I don’t think that’s so bad. I don’t beat my daughter; I give her hand a little pop. And right now those pops are reserved almost only for those things which are dangerous (ovens, cleaning supplies, etc). But I’m certainly open to better parenting methods. And if what I’m doing won’t work — or will cause problems for my daughter — I certainly want to stop doing it and get with another program. One kind man offered me some insight:
“I will note that you have a completely wrong idea regarding the judgment capacity and impulse control ability of a 16 month old. You are not accomplishing anything beneficial and if you are relying on behavior control vs. controlling her environment, are perhaps adding unnecessary risk.”
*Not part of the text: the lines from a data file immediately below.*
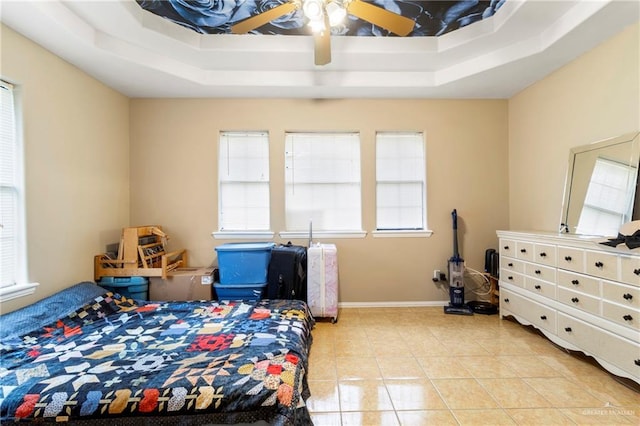 1123 E Champion St, Edinburg, TX 78539 - bedroom with light tile patterned floors, baseboards, a ceiling fan, and a raised ceiling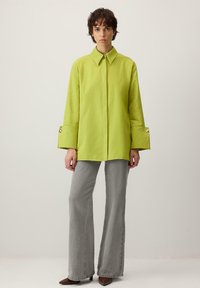 Laimeroheline liibuv särk terava kraega, pikkade varrukate ja nööbitavate mansettidega, koos hallide laiade pükste ja pruunide kontsakingadega.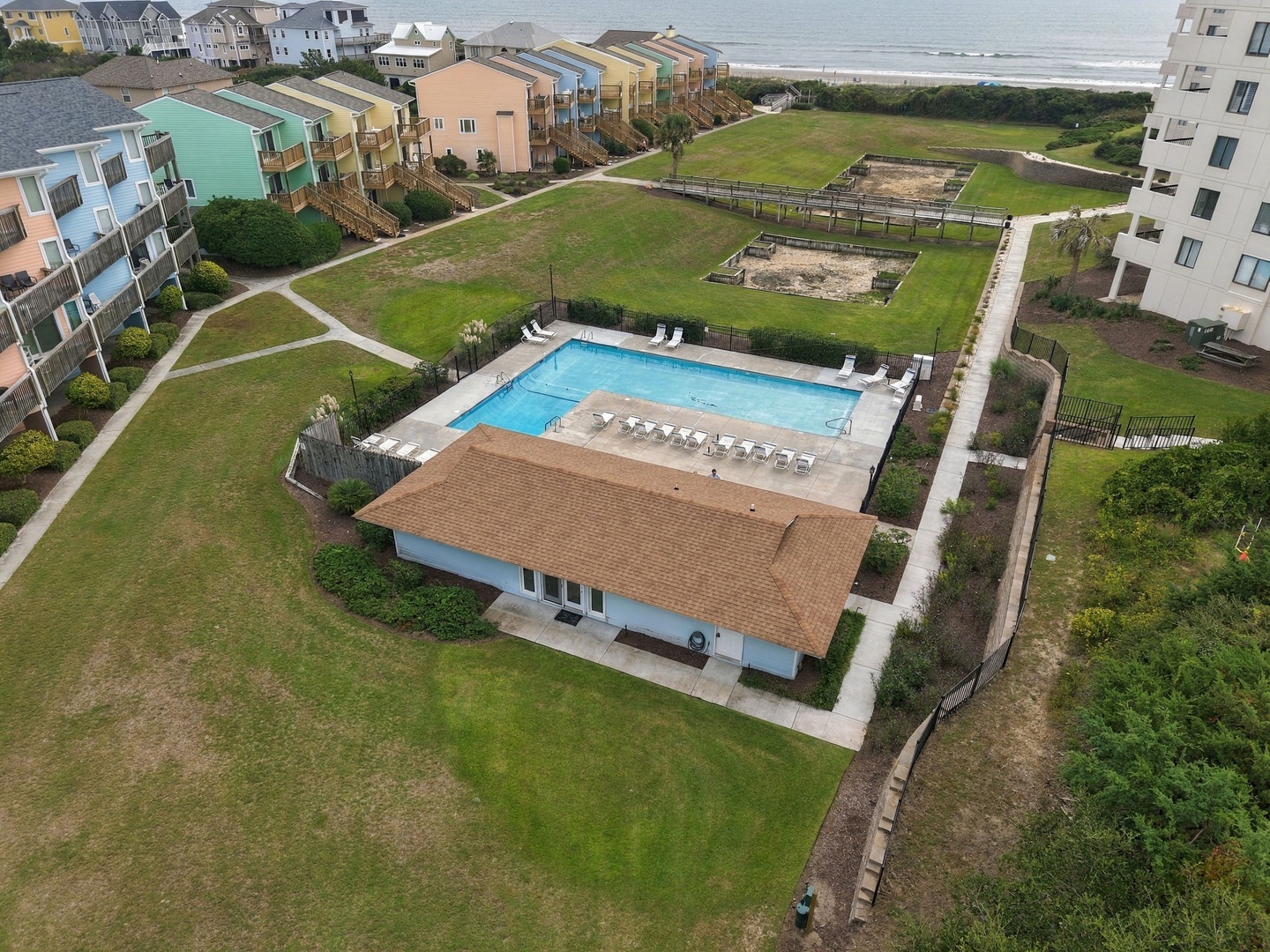 Aerial view of the beachfront property featuring a sparkling pool, communal lawn areas, and boardwalk access to the sandy shore. The oceanfront complex includes colorful buildings and a playground area for guests.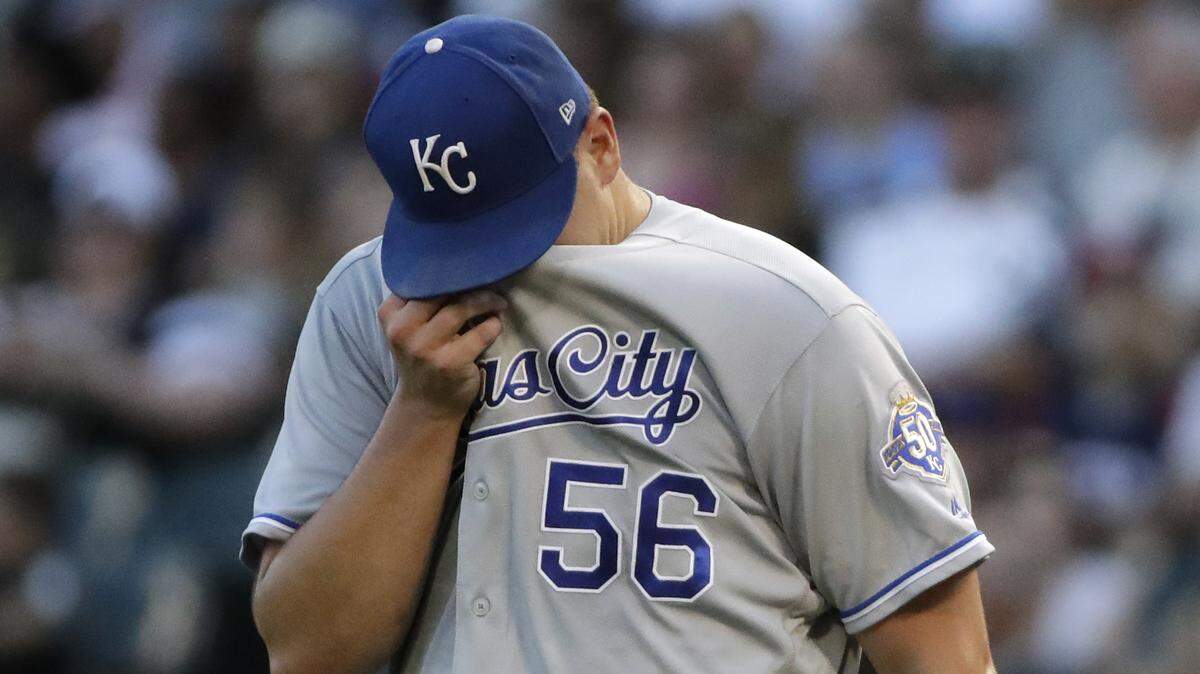Kansas City Royals starting pitcher Brad Keller wipes his face during the first inning of the team’s baseball game against the Chicago White Sox, Friday, July 13, 2018, in Chicago. (AP Photo/Nam Y. Huh)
Apparently he also wrote me up in his little book of bad parents. And probably put some checks next to my name.
But maybe he has a point. Have I misjudged my 16-month old’s ability to understand what she’s not to do? Is she literally incapable of refraining from doing such things? I want to know.
Because it seems to me to be working. Baylor very rarely now touches electrical outlets, the oven, cleaning supplies, and other dangerous things. She does occasionally play in toilet water, and she often places her toys in Christie’s drink glasses (but she doesn’t get her hand popped for those things). I want to protect her from some of those dangerous things which we can’t easily remove from her reach. [It’s difficult to baby-proof a house in Africa — or anything in Africa for that matter.*]
One of the difficulties with these conversations, though, is that nearly everyone’s advice is from anecdotal evidence only. “This happened to me…” or “Well, my experiences are…” And that’s fine; we’ve all got our opinions and are certainly entitled to them. But I’m struggling to know if there’s some truth out there. What do we actually know?
So… offer some advice if you will. Share your experiences — anecdotal as they may be. How do you deal with discipline? How early did you start with your children? What works and what doesn’t? [Those of you with gray hair are doubly expected to answer.] And I’ll thank all of you in advance for your help.
* I can’t tell you how many times Baylor’s picked up animal poop here. Dog poop we deal with in the U.S. But she’s wanting to play with cow poop, chicken poop, goat poop… all kinds of poop. It’s like she’s studying it. The other day she was chasing a goat, and it was pooping with every step. There was Baylor running behind hands out as if she was trying to catch it. Even in our house we have to deal with the poop of lizards. And of course when we run out of water, we can’t flush our toilets… It’s a hot mess, I tell ya’.